Por Don Patricio he empezado a conocer un poco la idiosincrasia
del porteño: obstinado, peleonero, panadero, aficionado a lo que sea pero con
toda la pasión, sarcástico y muy cordial. Hay días en los que no soporto que me
pregunte lo mismo cada media hora. Que me diga Elizabeth, ¿necesitás otra
frazada?, cuando ya le he respondido días anteriores que con las tres colchas
que me dio estoy bien y que no me llamo Elizabeth. A la mañana siguiente viene
y me dice, Elizabeth, ¿y todo esa plato es para vos sola o es para dos días? Cuando
me ve huyendo para el cuarto con mi desayuno catracho. Pero en general no jode
tanto. Quizás es solo su deshilachado instinto paternal, a juzgar por el
recibimiento a su hijito gordito de treintainueve años, que le dio sus peores
dolores de cabeza. Macrista hasta el final de los tiempos, está convencido que
yo le creo todo lo que me dice. “Este país está así por falta de comunicación,
yo le dicho a Macri que le diga al pueblo por qué le aumenta a las cosas. Que
explique los ajustes que hace porque aquellos dos (Cristina y Néstor) se
cagaron en todo.” Tomaría por tonto a don Pato si no fueran sus múltiples
diplomas y reconocimientos en su estudio y en toda la casa, porque tiene una vasta
y variada biblioteca y porque me encanta la música clásica que pone los
domingos en la tarde aunque yo no tenga puta idea de quién es o son los
artistas.
En casa viven otras dos personas además de Don Patricio y su
hijo. Un colombiano y otro argentino de provincia. Antes que yo estaban dos
venezolanas que solo vi de paso y me heredaron un aceite de girasol y un café
de su país que aún no pruebo. El colombiano solo llega dos veces a la semana
porque trabaja en Mendoza. El argentino siempre me pregunta lo que estoy
cocinando con la esperanza que le convide algo pero yo me hago la loca. No es
egoísmo, estoy aprendiendo a ser ahorrativa mientras encuentre un lugar donde
comprar maseca sin que me saquen un ojo de la cara. Hoy no quiero hablar de
finanzas y costos en esta ciudad porque me causa mucha tristeza. La otra roomie
es Juana, la perra labrador de Don Patricio. Está obesa y todo el tiempo la
ponen a dieta pero no le resulta. Puede oler un buen pedazo de carne a cien
metros. Es una dulzura que le encanta posar cuando le sacan fotos.

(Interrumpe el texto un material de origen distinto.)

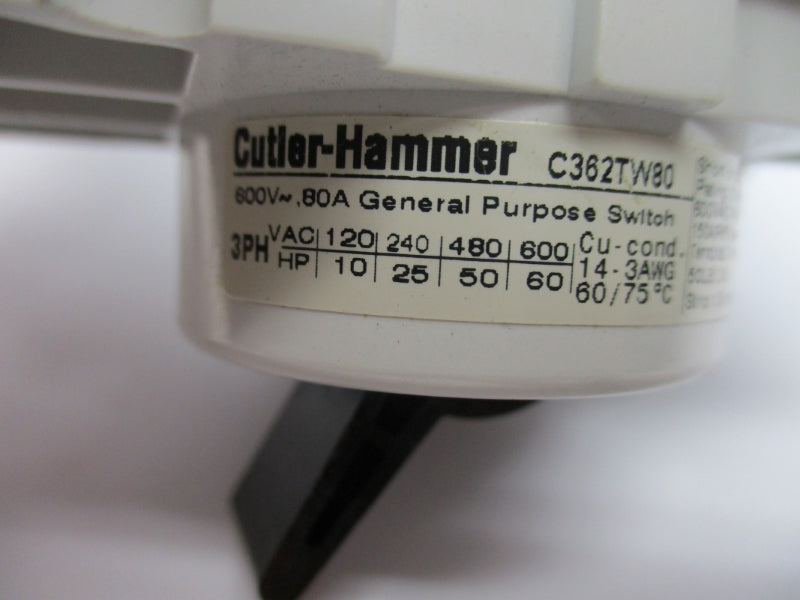 CUTLER HAMMER C362TW80 600V 80A NSNP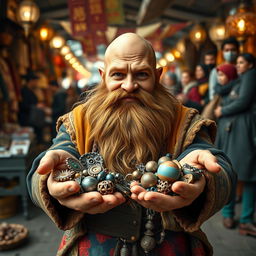 A beardless dwarf trader showcasing his goods in both hands, with a confident and inviting expression while looking directly into the camera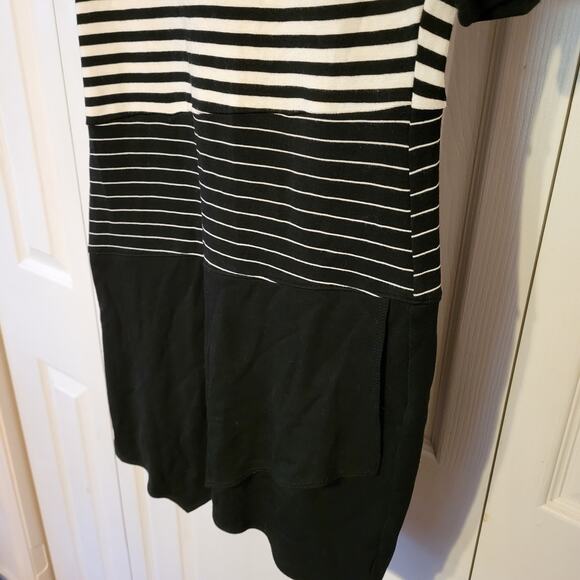 bcbgmaxazria, L | Black And White Striped 3/4th Sleeve Sheath Career Dress - Picture 4 of 5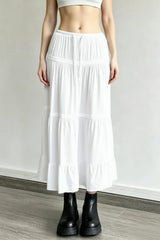 Ballet Gentle White Low Waist A Line Maxi Skirt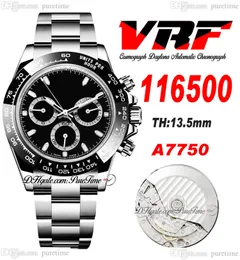 VRF 11650 A7750 Automatisk kronograf Mens Watch Ceramics Bezel Black Stick Dial Rostfritt Steel Armband Super Edition Samma seriekort PURETIME A1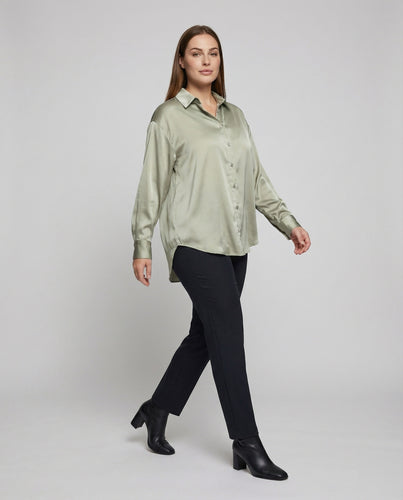 Damen Elegante Seidenglänzend Satinoptik Hemdbluse
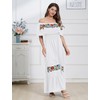 ABEWIP Mexican Dress for Women Floral Embroidery Maxi Off-Shoulder Ruffle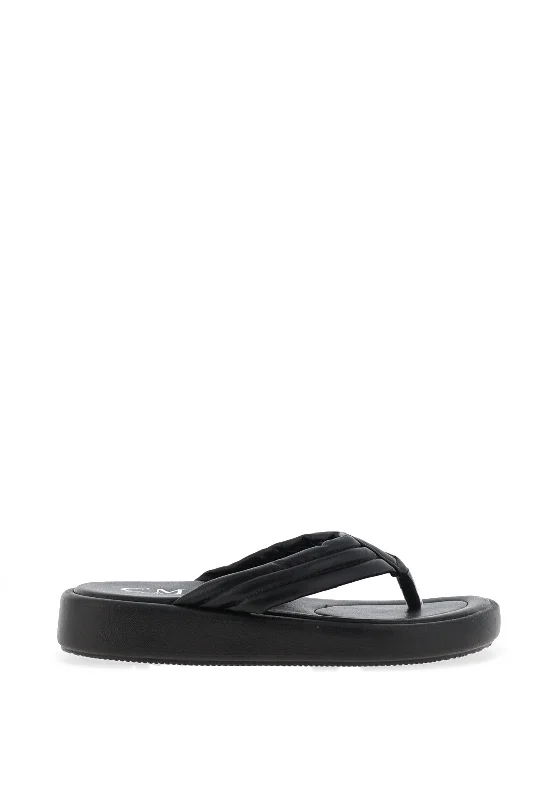 Zen Collection Faux Leather Flip Flop, Black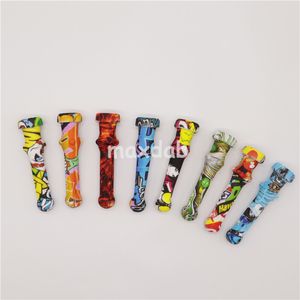 Kit de néctar de silicone em cores fumantes com tons de titânio de quartzo 14 mm Mini NC Dab Tool for Glass Bongs Rigs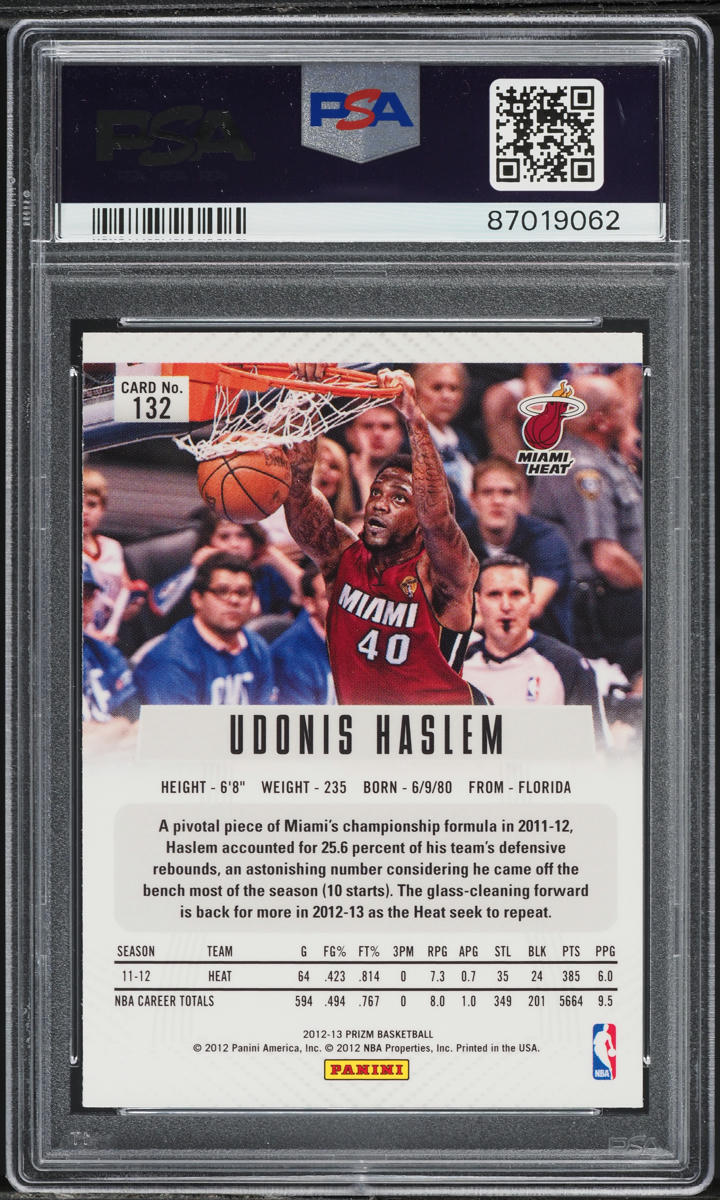 2012 Panini Prizm Silver Udonis Haslem #132 PSA 10 GEM MINT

En resumidas cuentas estoy bien, salvo por esos días que
amanezco de nuevo en Tegucigalpa y todos sus vergueos. Cuando una noche de repente
estoy llorando desconsoladamente sin saber con precisión el motivo, sólo lloro
como si estuviera meando y necesitara vaciar el frasco.
Buenos Aires me ha recibido bien y yo la abrazo como puedo. Cada
paso en sus avenidas me resulta magnífico, con ganas de ir más allá y comérmela
de un solo bocado. No me ajustarán dos años para conocerla, ni tampoco diez. Estuve
25 años en Honduras y todavía ni la conozco ni la entiendo. Esta noche
continuaré con mi ciclo de cine argentino. Ya dejé a un lado el libro de Borjes,
porque me hacía caer en nostalgias absurdas, y de nostalgias ya tengo
suficientes. Cada día me acostumbro más a leer las entrelíneas de Marx y lo que
tratan de descifrar a Marx. El dolor en la espalda y el cuello no cede y no
ayuda el ungüento que me dio Don Patricio. Ayer empecé a hacer abdominales porque
increíblemente me está bajando la panza a pesar de toda la pizza y el jamón que
le meto. Seguramente después tendré más chance de ver más para adentro y
deshilar los dolores, por ahora solo quiero disfrutar a esta malvada
maravillosa, a la gran ciudad de la furia.